W. B. Yeats, ‘A Mask’
On my wall hangs a Japanese carving,
The mask of an evil demon, decorated with gold lacquer.
Sympathetically I observe
The swollen veins of the forehead, indicating
What a strain it is to be evil.
Bertolt Brecht, ‘The Mask of Evil’
I. MISHIMA AND BOWIE
No major twentieth-century writer had a stronger sense of the constructed, mask-like nature of personal identity, wrote more obsessively about it, or acted it out more publicly or flamboyantly in the ‘performance’ of his own life than Yukio Mishima.
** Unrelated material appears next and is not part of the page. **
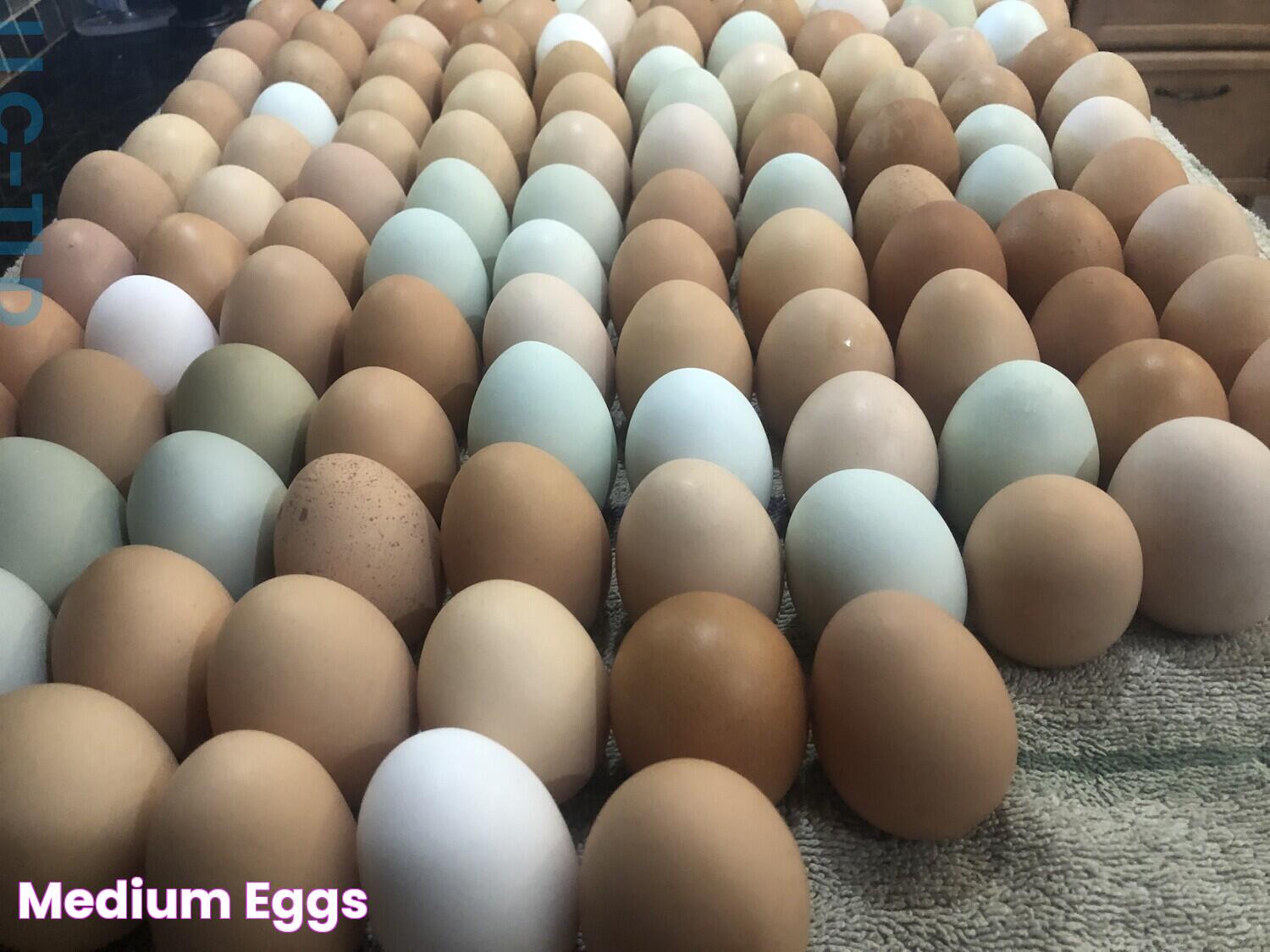 Medium Eggs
Both personally and professionally, he intrigued and dazzled the Japanese public by playing, often with great success, a dizzying array of roles and by assuming, often at the apparent risk of inconsistency, a number of different and sometimes contradictory personae: a high-cultural novelist, playwright, essayist and film-maker who was also a low-cultural bitplayer in gangster movies and devotee of body-building; an extoller of suble Japanese aesthetic and spiritual traditions and critic of ‘Western materialism’ who himself lived an opulent lifestyle in a kitsch ‘anti-Zen house’ (as he called it), full of faux-Greek statues, garish rococo furniture, and Victorian bric-a-brac; a ‘perverted’ sadomasochistic homosexual (according to his own self-depiction) who also played the part of a dutiful son and staid married man and father; an eminent, internationally famous man of letters, often named as a leading candidate for the Nobel Prize, who ended his life as a sword-wielding right-wing terrorist attempting to stage a coup d’état – the ‘act of a madman’, as the Japanese prime minister, among others, described it. One could extend this list even further, but perhaps the point has been sufficiently made. Mishima presented the world with such a diverse array of personae that one naturally wonders which, if any, was the ‘real Mishima’. As one of the Western Japanologists who knew him best remarked: ‘Mishima struggled hard to find a persona in which he felt comfortable – like a man in search of a perfect suit of clothes’.
It was perhaps this flamboyantly performative aspect of Mishima's life and work that David Bowie initially found so attractive – just as he was also attracted to the kabuki theater, another flamboyantly performative aspect of Japanese culture.